Thursday, July 15, 2004

Conversation Continues: First, Sandefur has no reason to worry that anything in his posts are hostile towards me. We are discussing ideas, and he is free to be as hostile towards ideas as he wants to be. I wouldn't have gotten involved in the discussion if I wasn't ready to have my ideas challenged passionately.

Besides, I know he's above the kind of mean spirited stuff that gets flung about in less classy parts of the blogosphere (you suck!) (No, YOU suck!) (Oh, YEAH? Keep it up, and I'm going to Post in |337 $PE4k!!)

Whatever. With Sandefur, it's all about ideas, so let's see how well mine hold up.

Well, actually, there isn't much to say. Aside from some bad wording he found in my last post he's got my position nailed down.

First, as to "outlined," I was referring to rights outlined in, say, the bill of rights or other law. You and I may have an absolute moral right that exists and has existed through all eternity, but unless it is delineated somewhere in writing with the signatures of legislators, we're not going to get any protection of it by our government.

I hope that makes sense.

I'm really talking about two different things here--the first is absolute morality, a set of laws that are fixed and in place that cannot be violated nor changed, that have been and always will be.

The second is the structure and morality of our actual government. This one is fluid and changing, moving either towards the tenants of real, absolute morality, if the people are enlightened, or away from it, towards depravity and oppression, if the people are not.

So when I said that rights-based morality was not absolute, I should have been more careful about using the buzzword absolute. What I intended to say was that the means we have of trying to build morality into the system--of delineating rights that are not to be violated, even by the majority--doesn't automatically lead to a hard-and-fast set of rules that everyone will agree on (I believe the sentence, as first typed, read "Rights-based morality has some wiggle room").

So then comes his summary of my position: It’s not okay; it’s immoral and beyond the legitimate power of the majority, but they just have so much power that it’s impossible to stop them from doing it.
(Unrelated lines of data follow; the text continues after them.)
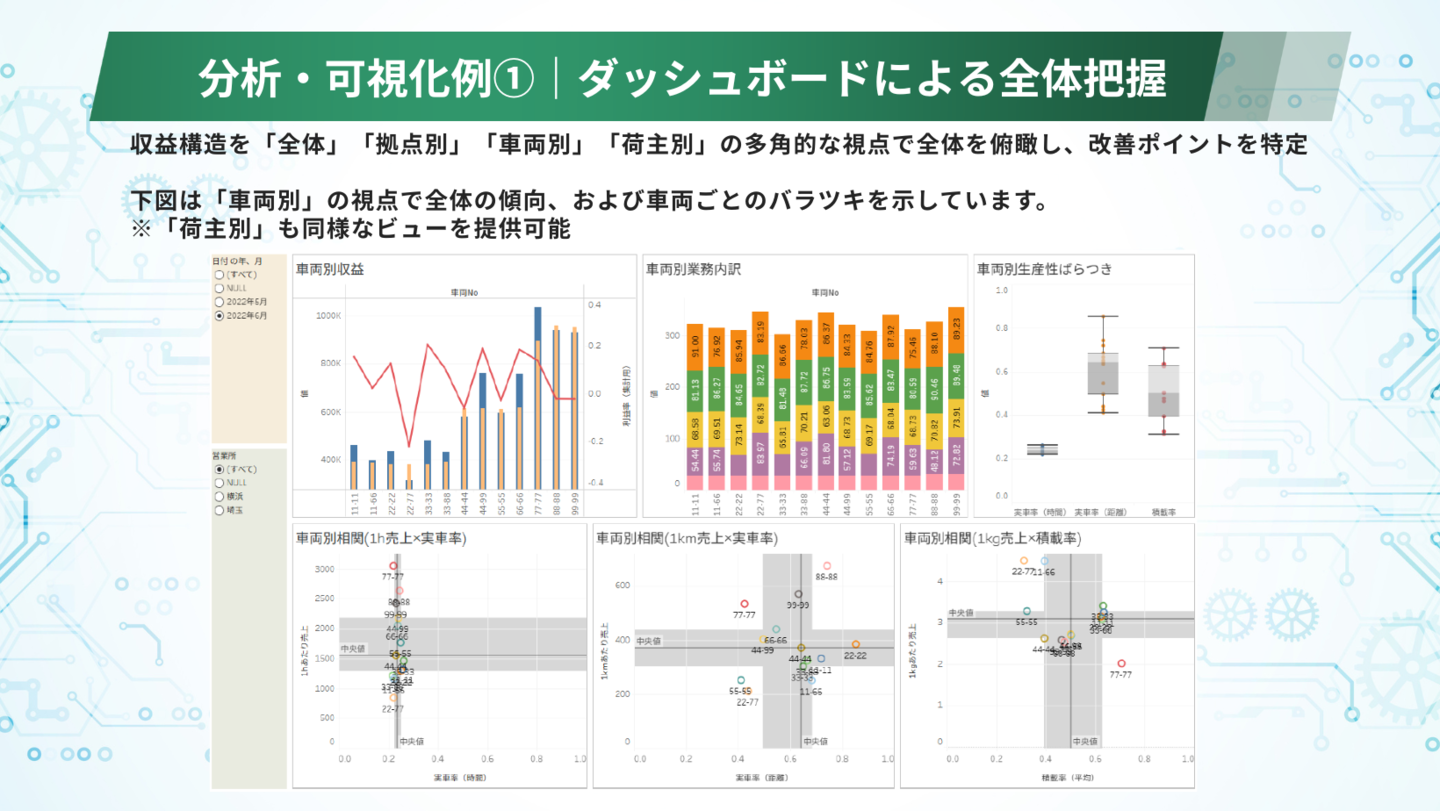 分析・可視化例①｜ダッシュボードによる全体把握​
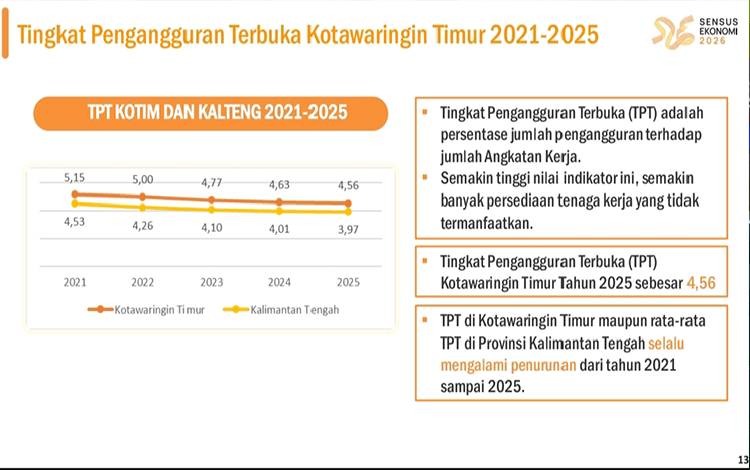 Tingkat Pengangguran Terbuka Kotim Capai 4,56% di 2025, Posisi Ketiga Tertinggi di Kalteng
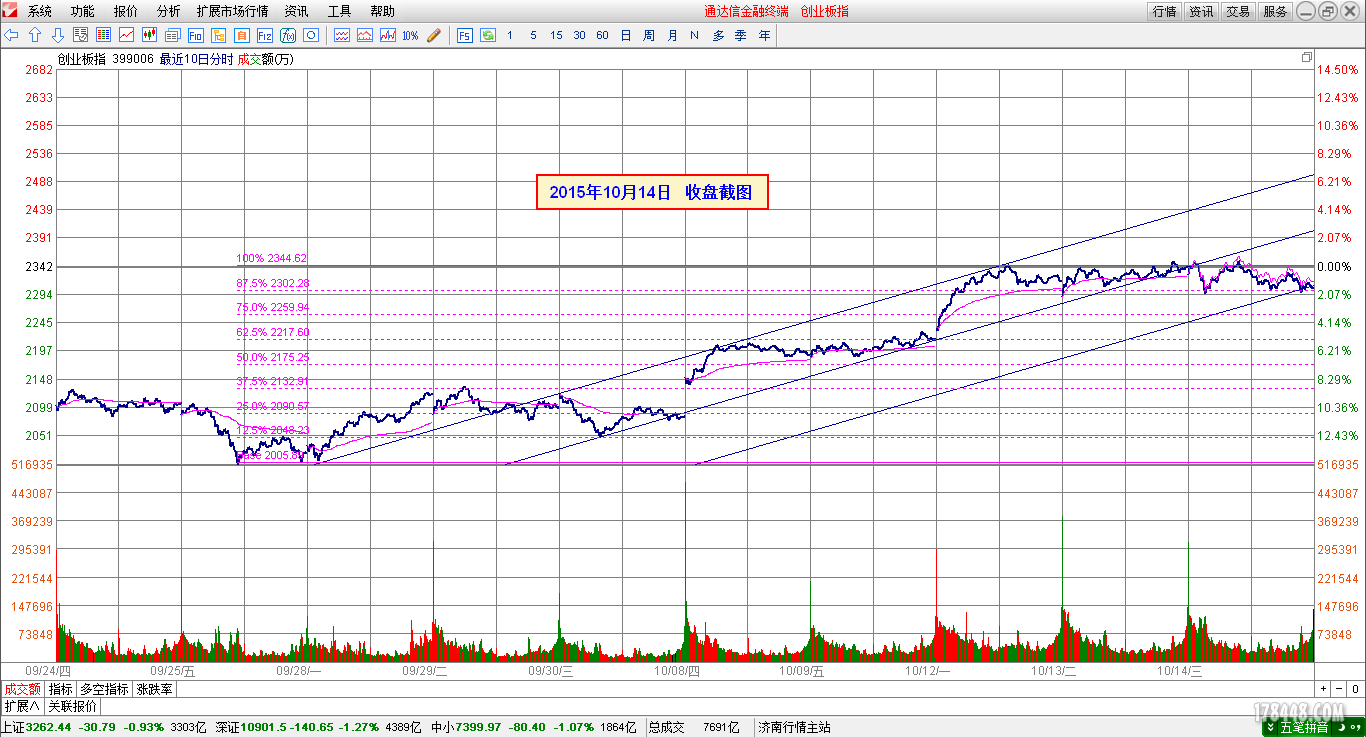 2015-10-14_创业板分时图.png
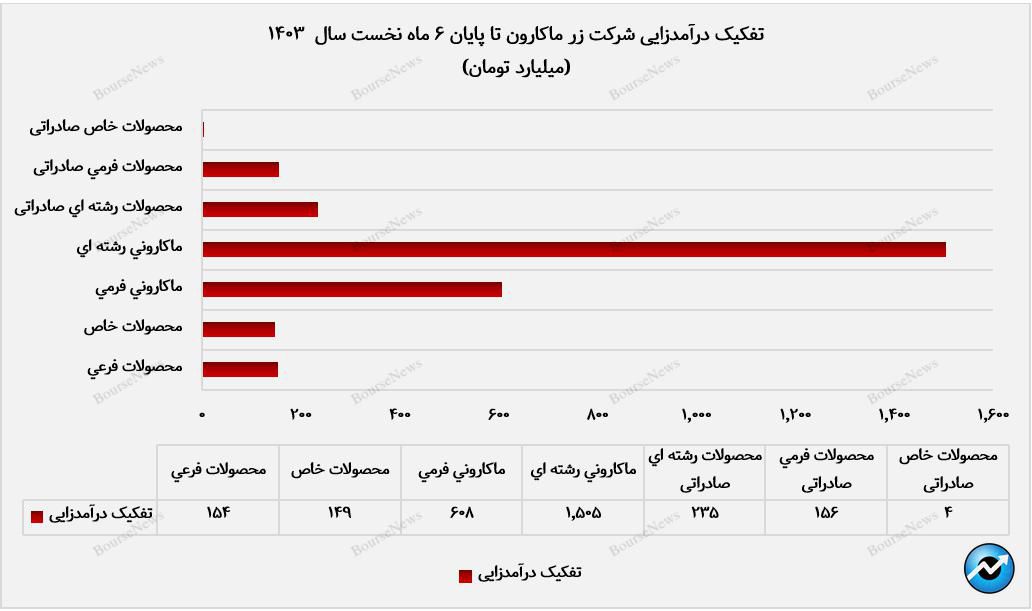 گسترش بازار صادراتی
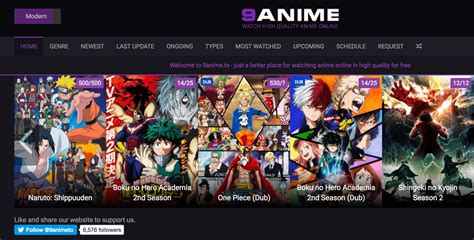 Hentai porn in general requires an open mind especially if its your first go around this side of the internet. Top 12 Best Free Anime Download Sites 2018 (Our Favourite)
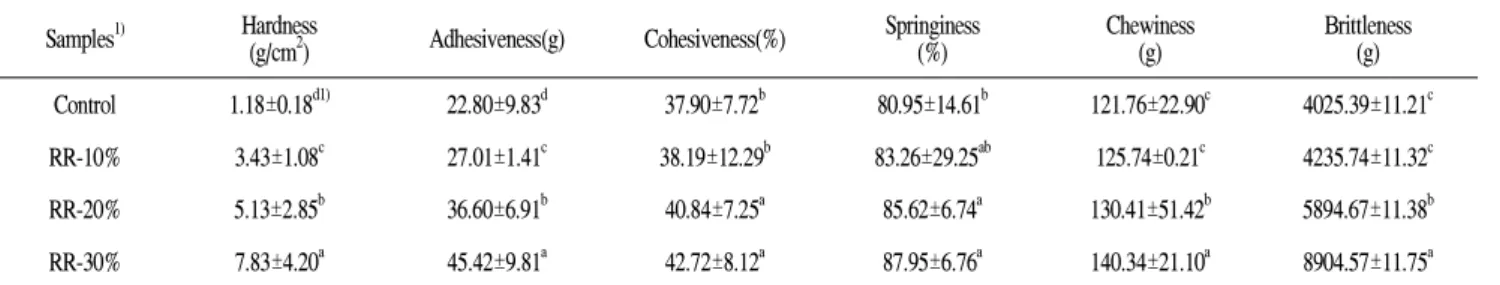 Table 8. Textural properties of cooked rice with red rice Samples 1) Hardness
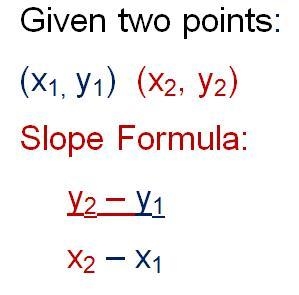 What is the slope of the line that passes (-11,2) and (-1, -13). Plz show your work-example-1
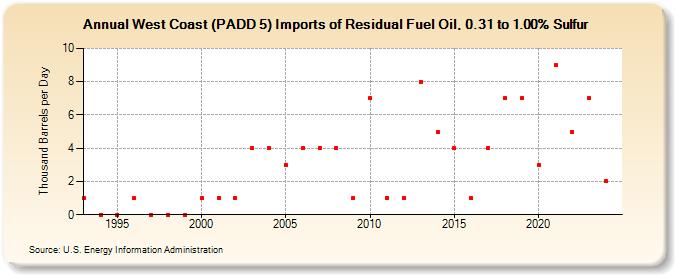 West Coast (PADD 5) Imports of Residual Fuel Oil, 0.31 to 1.00% Sulfur (Thousand Barrels per Day)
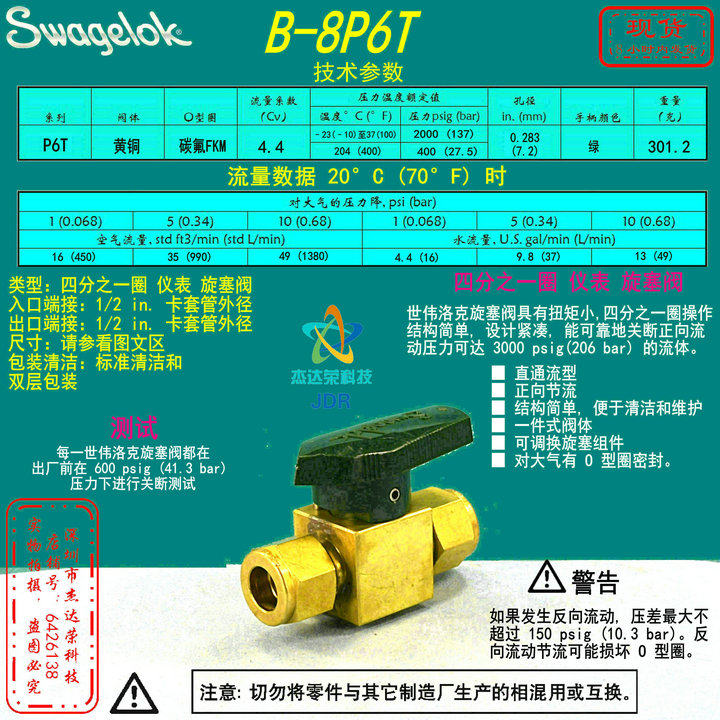 (B-8P6T) Swagelok sei Weiloc brass 1/4 ring meter Cyclone Stopper Valves 1 2 in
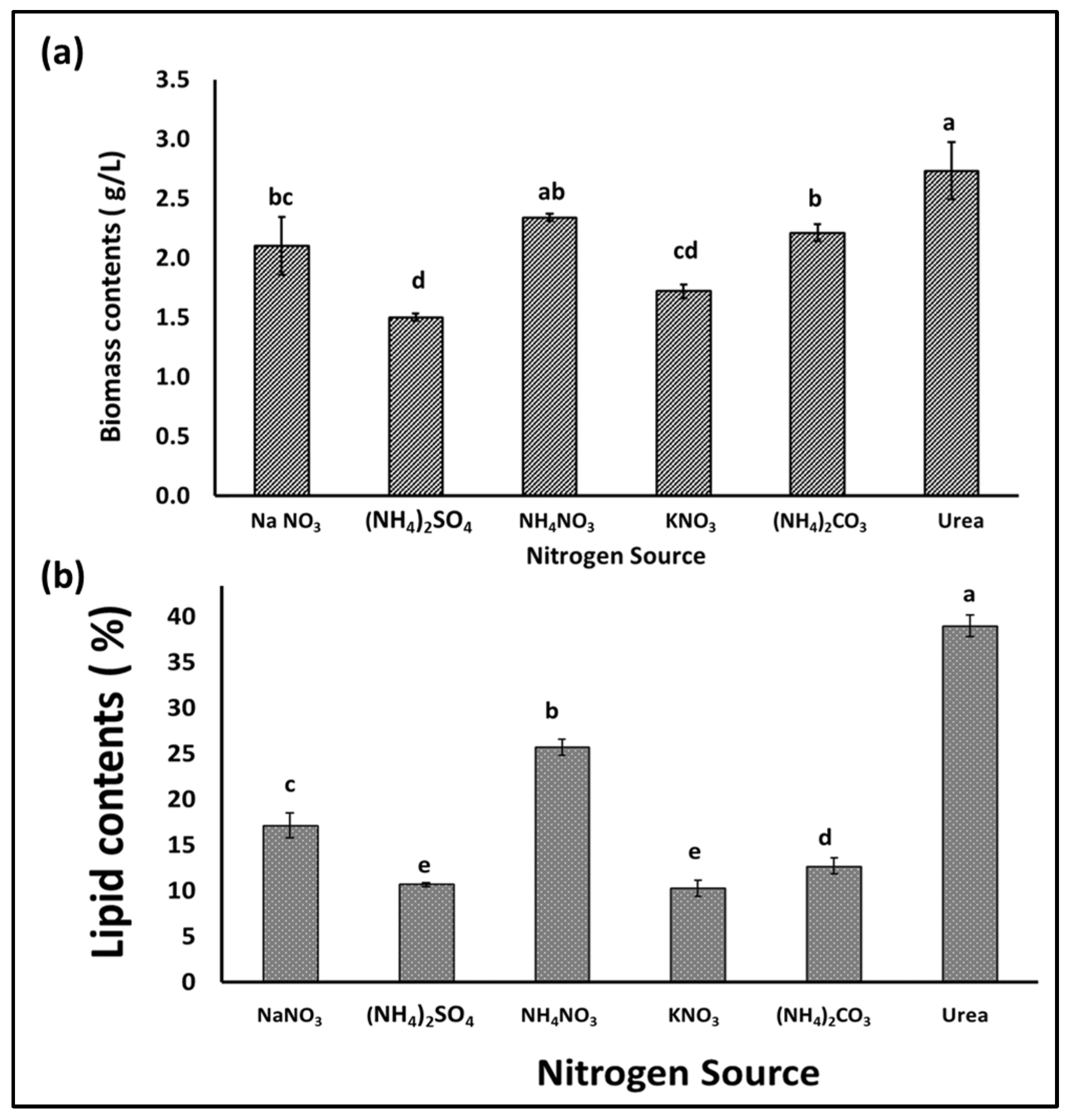 Sustainability 16 03148 g006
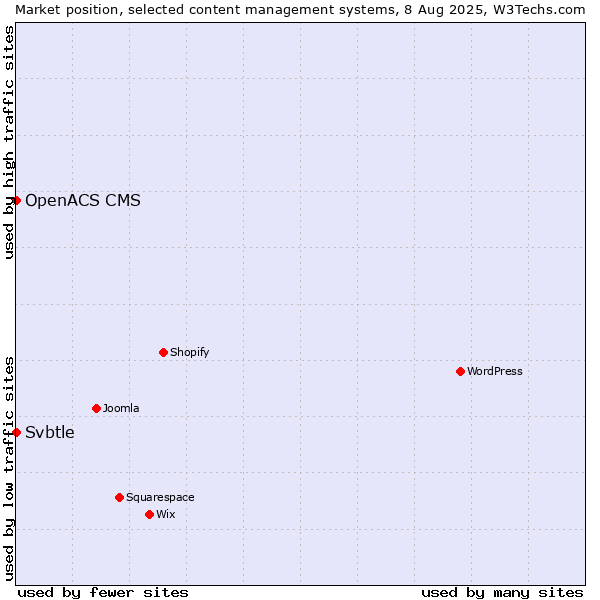 Market position of Svbtle vs. OpenACS CMS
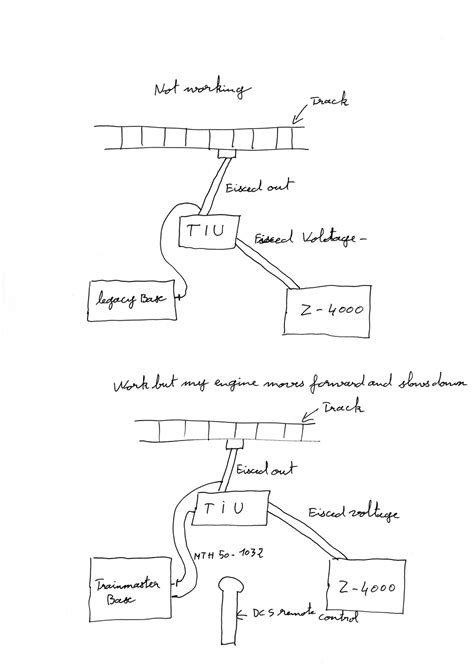 Wiring diagrams and symbols for electrical wiring commonly used for blueprints and drawings. Mth Dcs Wiring Diagram | Wiring Library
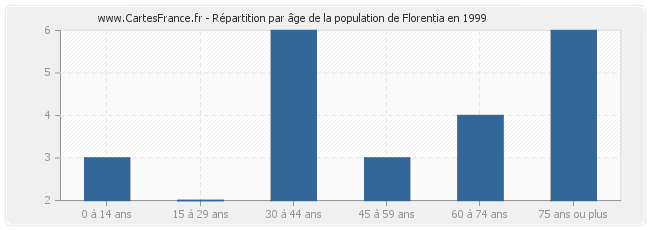 Répartition par âge de la population de Florentia en 1999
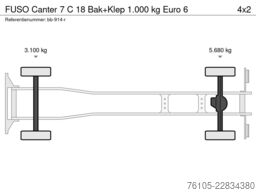 Blape Camion GmbH Blape Camion GmbH Blape Camion GmbH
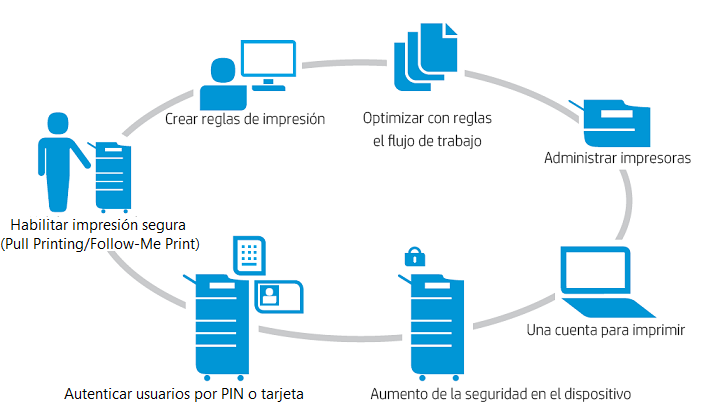 administrar impresoras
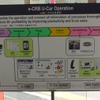【次世代 中国トヨタ 2013】中古車査定・流通もスマホ＆タブレットで変える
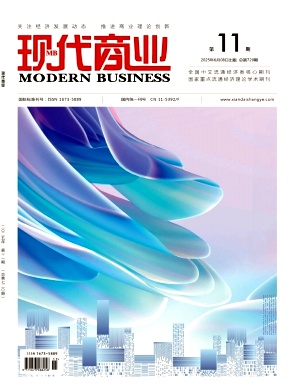 现代商业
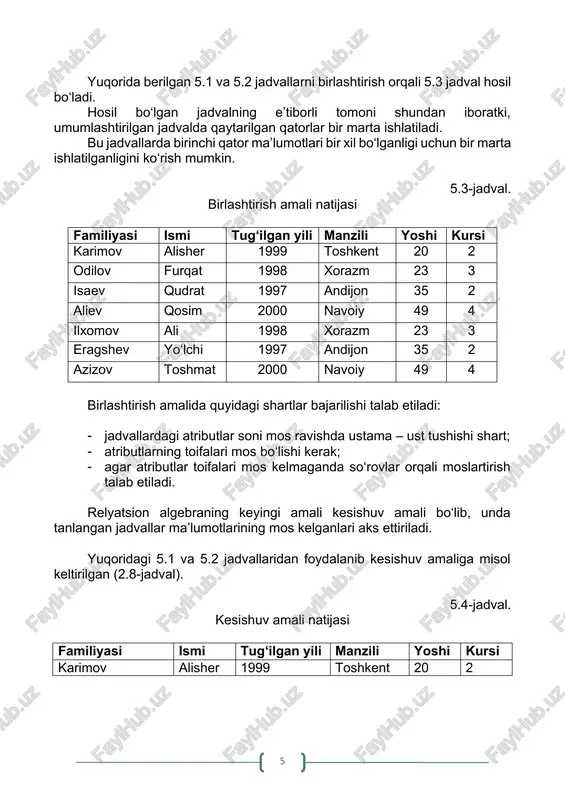 o‘rnini almashtirish orqali amalga oshiriladi (5.5-jadval). 5.5-jadval. ayirish amali natijasi familiyasi ismi tug‘ilgan yili manzili yoshi kursi odilov furqat 1998 xorazm 23 3 isaev qudrat 1997 andijon 35 2 aliev qosim 2000 navoiy 49 4 relyatsion algebraning yana bir amali dekart ko‘paytma amali bo‘lib, unda tanlangan birinchi jadvalning har bir qatoriga ikkinchi jadvalning har bir qatori mos kelishi tushuniladi. e’tiborli tomoni shundan iboratki, boshqa amallarda satrlar birlashtirilgan bo‘lsa dekart ko‘paytma amalida esa atributlar birlashtiriladi. dekart ko‘paytmada munosabat operatorlari har-xil sxemada bo‘lishi mumkin. 5.6-jadval. 5.7-jadval. talaba jadvali fan jadvali familiyasi fan sana alimov matematika 09.01.2019 ashurov tarix 14.01.2019 matematik munosabatlar darajasi operand munosabat darajalarining yig‘indisiga teng. ko’paytirish esa operand ko’paytmasiga teng. quyidagi 5.8-jadvalda, 5.6 va 5.7 jadvallardan foydalanib dekart ko‘paytma amali bajarilib natijasi keltirilgan. 5.8-jadval. dekart ko‘paytma natijasi familiya fan sana alimov matematika 09.01.2019 alimov tarix 14.01.2019 ashurov matematika 09.01.2019 ashurov tarix 14.01.2019 seleksiya (tanlash) amali 1 ta munosabat ustida bajariladi. …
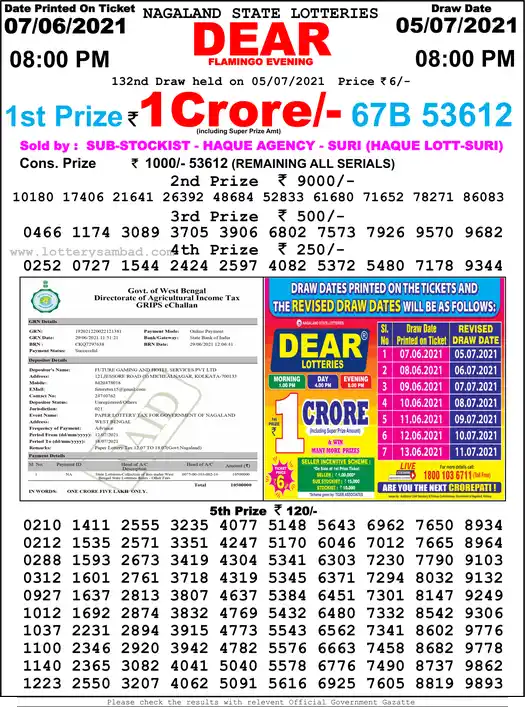 Lottery Sambad 8 PM result 05 Jul 2021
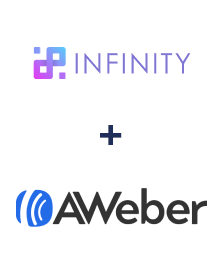 Интеграция Infinity и AWeber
Would I agree with that? Basically.

I feel that it's important that the majority have power. Even though he qualified it, Jefferson still said, "the will of the majority is in all cases to prevail." His qualification was that it was possible to abuse that power, not that we should take the power away from them.

That power can definitely be abused. And that's why the government can only be moral inasmuch as the people themselves are moral.

And, again, all of this is only referring to the states. The constitution has already spoken and none of this should be happening on the federal level.